How to Sharpen Pencils is earnest and thorough to the point of hilarity. Hands down, the best book about sharpening pencils I have read this year.
Title: How to Sharpen Pencils: A Practical and Theoretical Treatise on the Artisanal Craft of Pencil Sharpening for Writers, Artists, Contractors, Flange Turners, Anglesmiths, and Civil Servants
Author: David Rees
ISBN: 9781612190402 (hbk.)
Publisher: Melville House
- Louise, Central City Library
03 July, 2013
If you’re reading a library blog, I have to assume that you, too, love (or are exceedingly fond of) books and reading and libraries. What if you found out that books really were magic? That certain people could use books and words to perform some amazing things? That you could reach into a copy of The lion, the witch and the wardrobe (on the correct page, of course) and pull out a vial of Lucy’s healing potion? Or, looking for a particular book, reach into Robin McKinley’s Beauty and use the Beast’s library to locate it? Think of the power. Think of the temptation.

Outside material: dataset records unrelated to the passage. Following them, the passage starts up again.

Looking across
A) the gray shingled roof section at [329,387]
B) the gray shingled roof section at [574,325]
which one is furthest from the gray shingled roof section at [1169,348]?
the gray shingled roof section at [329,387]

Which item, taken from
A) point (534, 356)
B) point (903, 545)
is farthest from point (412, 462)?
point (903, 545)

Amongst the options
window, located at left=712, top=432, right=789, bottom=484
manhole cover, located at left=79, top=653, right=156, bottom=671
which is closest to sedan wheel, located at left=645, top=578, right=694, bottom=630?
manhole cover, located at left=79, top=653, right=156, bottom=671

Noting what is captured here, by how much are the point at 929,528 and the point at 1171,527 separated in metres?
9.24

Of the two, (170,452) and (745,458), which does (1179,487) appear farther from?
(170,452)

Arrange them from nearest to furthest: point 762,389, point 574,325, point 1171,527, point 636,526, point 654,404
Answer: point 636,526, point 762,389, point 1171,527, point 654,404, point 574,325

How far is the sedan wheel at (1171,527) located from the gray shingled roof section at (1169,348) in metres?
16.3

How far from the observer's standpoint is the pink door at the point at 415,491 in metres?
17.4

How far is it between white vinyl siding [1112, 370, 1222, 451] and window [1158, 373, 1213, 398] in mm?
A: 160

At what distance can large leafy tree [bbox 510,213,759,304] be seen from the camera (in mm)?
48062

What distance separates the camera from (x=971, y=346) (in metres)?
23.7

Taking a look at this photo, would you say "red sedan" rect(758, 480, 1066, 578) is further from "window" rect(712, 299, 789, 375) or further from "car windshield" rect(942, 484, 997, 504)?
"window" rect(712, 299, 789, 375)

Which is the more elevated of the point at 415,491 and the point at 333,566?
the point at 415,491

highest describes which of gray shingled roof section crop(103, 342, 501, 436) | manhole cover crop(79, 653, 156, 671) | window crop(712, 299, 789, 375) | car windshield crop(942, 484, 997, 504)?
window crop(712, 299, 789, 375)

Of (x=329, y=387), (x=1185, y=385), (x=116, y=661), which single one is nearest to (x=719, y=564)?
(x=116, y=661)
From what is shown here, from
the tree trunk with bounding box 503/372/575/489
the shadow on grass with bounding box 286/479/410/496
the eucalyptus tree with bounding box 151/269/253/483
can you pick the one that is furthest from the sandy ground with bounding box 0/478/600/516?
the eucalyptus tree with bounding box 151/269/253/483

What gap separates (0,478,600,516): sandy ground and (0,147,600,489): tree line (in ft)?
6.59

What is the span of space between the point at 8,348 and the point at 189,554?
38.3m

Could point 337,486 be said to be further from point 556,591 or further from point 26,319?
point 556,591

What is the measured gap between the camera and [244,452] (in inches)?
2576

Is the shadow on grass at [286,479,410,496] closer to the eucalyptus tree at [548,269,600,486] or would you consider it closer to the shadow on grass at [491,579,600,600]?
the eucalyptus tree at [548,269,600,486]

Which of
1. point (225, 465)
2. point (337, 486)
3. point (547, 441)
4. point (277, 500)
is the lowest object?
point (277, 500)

Taking all of the above into account, I was impatient to read Libriomancer, featuring Isaac and librarian and libriomancer. It is due to Hines’ writing, however, that makes the story entrancing, and keeps you reading. You know you are reading something written by a fellow booklover and ponderer. Hines is not one to take himself seriously, and that attitude comes through his writing. It’s an attitude I like. (Need evidence of this? Check out his Cover Pose series on his blog).
The perfect read for a fantasy bookloving fan (liking Sherlock Holmes – the original text – will enhance your enjoyment).
Author: Jim C Hines
Publisher: DAW Books
- Annie, Central City Library.
01 July, 2013
Leah - Yellow; Madonna, Culture Club, Thompson Twins; Harrison Ford; E.T.

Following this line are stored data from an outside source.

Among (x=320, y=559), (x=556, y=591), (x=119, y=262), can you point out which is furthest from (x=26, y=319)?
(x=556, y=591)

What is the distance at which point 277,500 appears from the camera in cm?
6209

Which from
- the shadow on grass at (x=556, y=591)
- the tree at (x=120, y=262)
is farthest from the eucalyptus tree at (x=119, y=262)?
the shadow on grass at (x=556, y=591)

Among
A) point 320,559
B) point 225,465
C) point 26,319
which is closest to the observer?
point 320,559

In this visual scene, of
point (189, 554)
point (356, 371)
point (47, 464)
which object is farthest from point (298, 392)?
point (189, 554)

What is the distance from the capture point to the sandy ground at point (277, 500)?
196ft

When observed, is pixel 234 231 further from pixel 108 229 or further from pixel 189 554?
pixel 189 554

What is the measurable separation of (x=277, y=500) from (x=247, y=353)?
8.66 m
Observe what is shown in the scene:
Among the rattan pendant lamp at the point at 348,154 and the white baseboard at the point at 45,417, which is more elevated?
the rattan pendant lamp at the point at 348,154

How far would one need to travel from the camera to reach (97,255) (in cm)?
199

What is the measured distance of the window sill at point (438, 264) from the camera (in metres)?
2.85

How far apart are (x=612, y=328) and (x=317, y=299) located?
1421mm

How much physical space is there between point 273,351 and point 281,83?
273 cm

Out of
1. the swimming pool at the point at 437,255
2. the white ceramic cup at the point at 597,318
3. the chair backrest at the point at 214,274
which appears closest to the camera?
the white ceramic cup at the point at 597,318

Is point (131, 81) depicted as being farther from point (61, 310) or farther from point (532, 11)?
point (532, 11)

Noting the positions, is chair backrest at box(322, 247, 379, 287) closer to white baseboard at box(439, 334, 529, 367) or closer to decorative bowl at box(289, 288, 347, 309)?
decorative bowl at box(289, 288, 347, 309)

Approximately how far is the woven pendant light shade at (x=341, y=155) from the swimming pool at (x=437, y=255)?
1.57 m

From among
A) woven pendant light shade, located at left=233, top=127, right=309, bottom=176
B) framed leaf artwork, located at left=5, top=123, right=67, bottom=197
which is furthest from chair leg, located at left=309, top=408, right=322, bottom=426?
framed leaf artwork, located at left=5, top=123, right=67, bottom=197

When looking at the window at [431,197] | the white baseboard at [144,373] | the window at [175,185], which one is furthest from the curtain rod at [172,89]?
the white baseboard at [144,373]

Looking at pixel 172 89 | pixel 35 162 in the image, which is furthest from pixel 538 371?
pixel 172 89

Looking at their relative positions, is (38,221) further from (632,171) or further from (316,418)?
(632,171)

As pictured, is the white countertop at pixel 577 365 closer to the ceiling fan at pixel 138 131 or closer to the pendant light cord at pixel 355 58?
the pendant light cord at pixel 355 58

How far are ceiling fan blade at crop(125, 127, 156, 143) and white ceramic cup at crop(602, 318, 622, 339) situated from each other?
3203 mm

Leah and Keisha (Natalie) and Felix and Nathan. Went to the same school, live in the same area, grew up in the same estate. Don't all know each other, though Leah and Keisha were best friends since age 4. I have not ever been to NW London. But I reckon if I go there now I'd feel like I had. The sense of the place pervades this story.

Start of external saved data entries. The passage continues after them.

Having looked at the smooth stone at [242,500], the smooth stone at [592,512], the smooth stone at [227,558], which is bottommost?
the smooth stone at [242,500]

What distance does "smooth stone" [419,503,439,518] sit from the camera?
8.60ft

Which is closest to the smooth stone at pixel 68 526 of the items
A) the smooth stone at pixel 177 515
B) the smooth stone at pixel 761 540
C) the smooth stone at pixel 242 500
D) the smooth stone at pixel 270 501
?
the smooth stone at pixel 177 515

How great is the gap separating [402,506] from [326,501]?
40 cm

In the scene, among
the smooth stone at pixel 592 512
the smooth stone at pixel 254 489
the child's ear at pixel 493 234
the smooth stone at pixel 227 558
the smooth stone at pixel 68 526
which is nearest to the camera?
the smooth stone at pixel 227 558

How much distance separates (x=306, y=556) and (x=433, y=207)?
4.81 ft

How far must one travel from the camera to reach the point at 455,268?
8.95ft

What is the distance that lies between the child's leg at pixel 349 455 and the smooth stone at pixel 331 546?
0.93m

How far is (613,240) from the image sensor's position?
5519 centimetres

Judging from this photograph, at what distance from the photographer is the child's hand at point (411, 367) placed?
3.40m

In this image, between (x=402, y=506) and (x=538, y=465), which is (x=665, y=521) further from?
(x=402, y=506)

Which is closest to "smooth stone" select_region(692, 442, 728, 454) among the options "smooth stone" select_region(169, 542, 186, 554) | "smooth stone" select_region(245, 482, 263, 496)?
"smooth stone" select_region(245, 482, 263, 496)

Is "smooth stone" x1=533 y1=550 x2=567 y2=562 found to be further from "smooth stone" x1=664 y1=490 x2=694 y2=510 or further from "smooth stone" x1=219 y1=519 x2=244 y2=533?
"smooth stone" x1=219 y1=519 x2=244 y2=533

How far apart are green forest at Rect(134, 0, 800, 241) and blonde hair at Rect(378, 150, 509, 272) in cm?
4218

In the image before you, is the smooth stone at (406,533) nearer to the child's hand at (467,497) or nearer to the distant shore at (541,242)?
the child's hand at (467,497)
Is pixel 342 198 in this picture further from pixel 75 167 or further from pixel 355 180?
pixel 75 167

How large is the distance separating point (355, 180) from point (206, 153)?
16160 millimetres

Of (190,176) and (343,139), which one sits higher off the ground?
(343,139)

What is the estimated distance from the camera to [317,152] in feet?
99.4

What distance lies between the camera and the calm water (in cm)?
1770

The novel is in four sections which feature in order; Leah, Felix, Keisha/Natalie and Nathan. So we get a chance to hear what makes each person tick. Characters are strong, but story is also strong. The tragedy that is central to this novel involves you deeply in the characters lives.
I related strongly to the girls, and understood the boys. Why?..... It is because Smith taps into some universal experiences - and her references to the small things we do may surprise and delight you. On a grander scale there is the growing up and growing older thing, how we change and what we hold on to: falling off, falling on, and - growing more together, or not. The way we really all just continually muddle along.
It was funny, it was sad, it was tragic, it was smart and it was my best book in ages. Each time I put it down, I looked forward to when I'd next get to read.
Off to read Zadie Smith's White Teeth next. I hear that's a good one too.